A lot of exciting things have happened in payments — and commerce, more broadly — over the last three years.
PayPal became pals with the card networks and their issuers.
India demonetized its currency and put digital payments adoption into overdrive.
Amazon ignited conversational commerce with Alexa and the portfolio of apps and devices that now have her at the consumer’s beck and call.
Selfie Pay became a real thing.
Walmart bought Jet.com to beef up its eCommerce business.
Paying gig workers faster has given the gig economy a real boost.
Disbursements is moving us closer to the day when we can really #killthecheck.
Efforts on the part of the payments ecosystem to fight the fraudsters have managed to decrease the rate of online fraud by about a third.
But here’s one thing that the last three years hasn’t done: increase the consumer’s appetite to turn their smartphones into a digital payment form factor when they check out in a physical store.
In fact, the results from the latest PYMNTS/InfoScout Mobile Payments Adoption and Usage study over nine quarters concludes what now sounds like the same song, different verse: Consumers largely haven’t been given a good enough reason to remember to use them, even though when they whip out their plastic cards to pay for something in a store, they often have their phone in their other hand.
Let’s be clear what we mean by usage: It is the percent of people who have the payment method on their phone, who pay at a terminal where they could use that method and then who actually use it to make a purchase.
That reluctance to ditch the leather wallet for the digital version is despite the proliferation of NFC-enabled terminals for the [Fill-in-the Blank] Pays that need NFC to initiate a payment, which is a pretty sobering reality for the “granddaddy” of all the Pays — Apple Pay — despite Apple CEO’s Tim Cook’s ebullient shout-out to Apple Pay in its latest earnings report last week.
Apple Pay may be, to quote him directly, “by far the number one NFC payment service on mobile devices, with nearly 90 percent of all transactions globally.” But that’s a lot like saying you’re the best of all the C students in a class of C students: It’s still a class of C students.
After almost three years — with all of the hype and all of the investment in advertising and promotion — Apple Pay seems unable to consistently crack 6 percent usage in the biggest payments market in the world.
Our results show average usage over nine quarters to be about 4.5 percent. And while it has hit a high of 5.9 percent, and did hit 5.5 percent this past quarter, the trend remains flat despite the increase this quarter.
At this point in its lifecycle and hype-cycle, it begs the question: Can it ever break that ceiling?
At the end of June, when we went back into the field, 24.5 percent of respondents said they tried Apple Pay for the first time, up from 21.9 percent in March.

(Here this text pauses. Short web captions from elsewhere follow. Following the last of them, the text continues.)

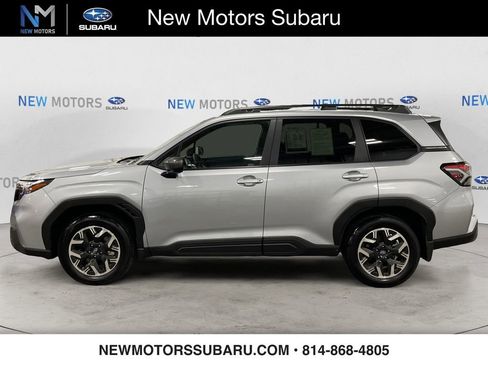 Certified 2025 Subaru Forester Premium image 2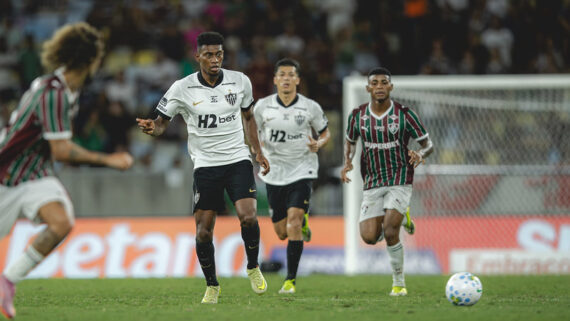 Cassierra entrou no segundo tempo da derrota para o Fluminense (foto: Pedro Souza / Atlético)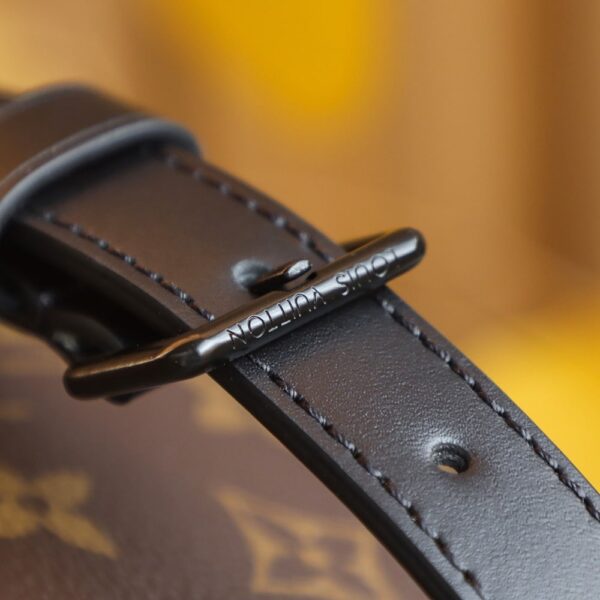 LC711 – Louis Vuitton ???????????????????????????????????????????? M69404 Top Quality
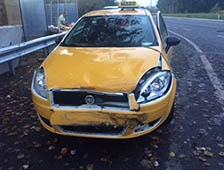 Ticari Taksi İle Otomobil Çarpıştı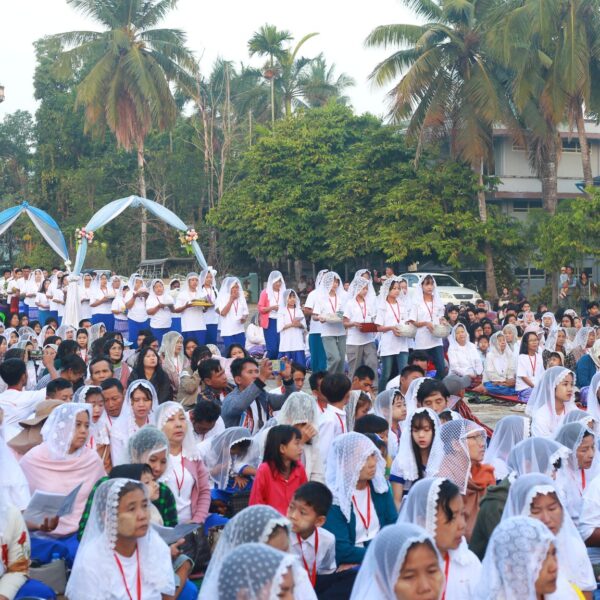 ဒိၩ့ပၥံၫ့ဆၧအီၪကီၪ့ဖၧၩ့ မိမၫရံၫခရၧၫ့ ဂဲၫထီၩ့အီၪထၪ့ဘၭ အနံၪ့ ၇၀ အဂဲး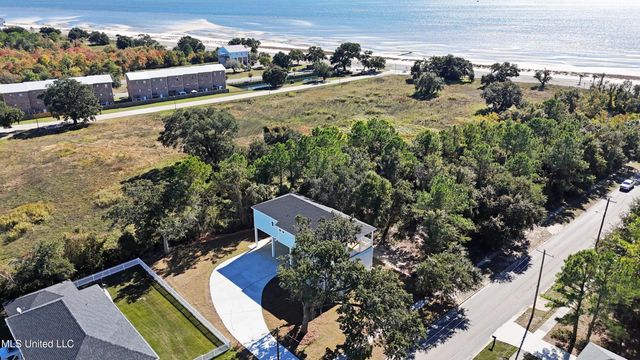124 Holiday Avenue, Pass Christian, MS 39571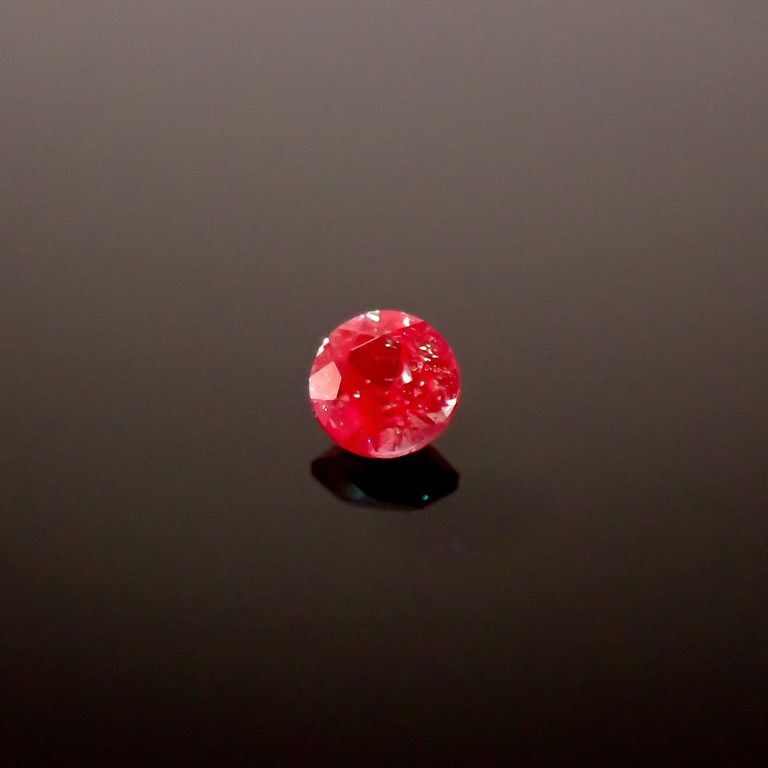 長波365(ライト)の照射で蛍光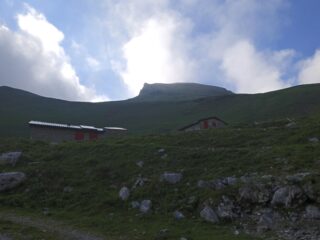 Salita verso il Colle Balur con la malga 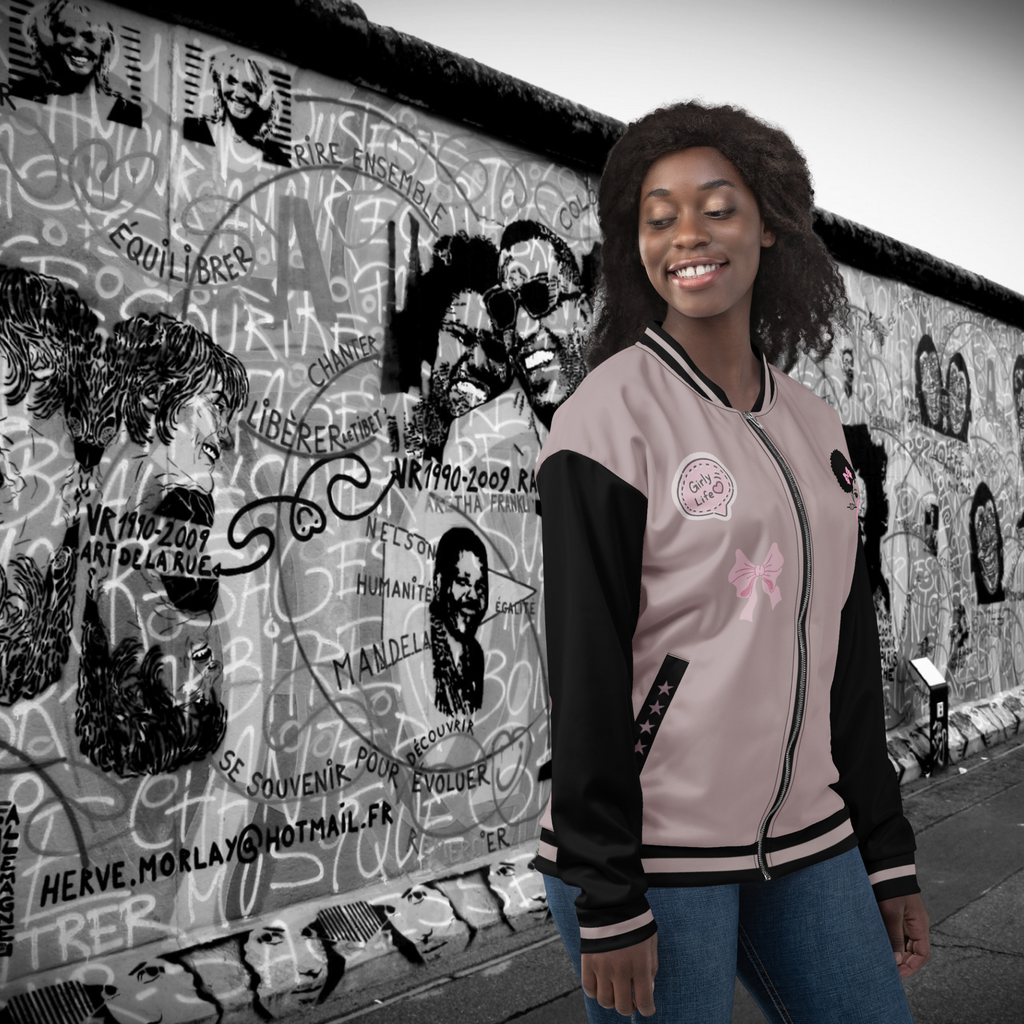 College Bomber Jacke "Bubble Girl seitliche Ansicht. By Just a Girl.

And 5.5 percent said that they used it to pay for a purchase, up from 4 percent in June — but off its high in March of 2015.
It’s hard to know if that’s the start of a consistent upward trend or another blip, but statistically it looked like just another random blip along a pretty dismal trend line. When we asked consumers how often they used Apple Pay to pay for something in a physical store, they did so about 18 percent of the time. That stat hasn’t budged since March and has been on the decline since October of 2015.
There is one exception to this story: Walmart Pay.
Since March, we’ve seen the first-time use of Walmart Pay increase by 31.7 percent to 19.1 percent of respondents. And of those who have the app on their smartphone and use it to pay, there was an increase of 53.5 percent to 5.08 percent of respondents.
What’s interesting about that jump isn’t so much the jump itself, but the speed at which Walmart Pay is turning those who try it once into those who use it again. Usage, at 5.03 percent, is after only a year in market and only slightly less this quarter than Apple Pay’s 5.5 percent, now closing in on year three.
Frequency of usage with Walmart Pay also tells an interesting story.
Nearly 50 percent (47.2 percent to be exact) of respondents who shop at Walmart said that they used it every time they could — only 6.6 percent said that they never thought to use it at all.
Now, that’s not to say that Walmart doesn’t have its work cut out. Walmart Pay’s biggest competitor is cash — which was what consumers said they used when they didn’t use Walmart Pay — and what many of them do use when shopping there. Ditto EBT cards, which can’t yet be registered to a digital wallet for payment. Those are two big and important hurdles that Walmart Pay must clear.
But what appears to have made Walmart Pay sticky isn’t the ability to pay using the app at the store — but rather the portfolio of value-added solutions wrapped around the act of paying at checkout.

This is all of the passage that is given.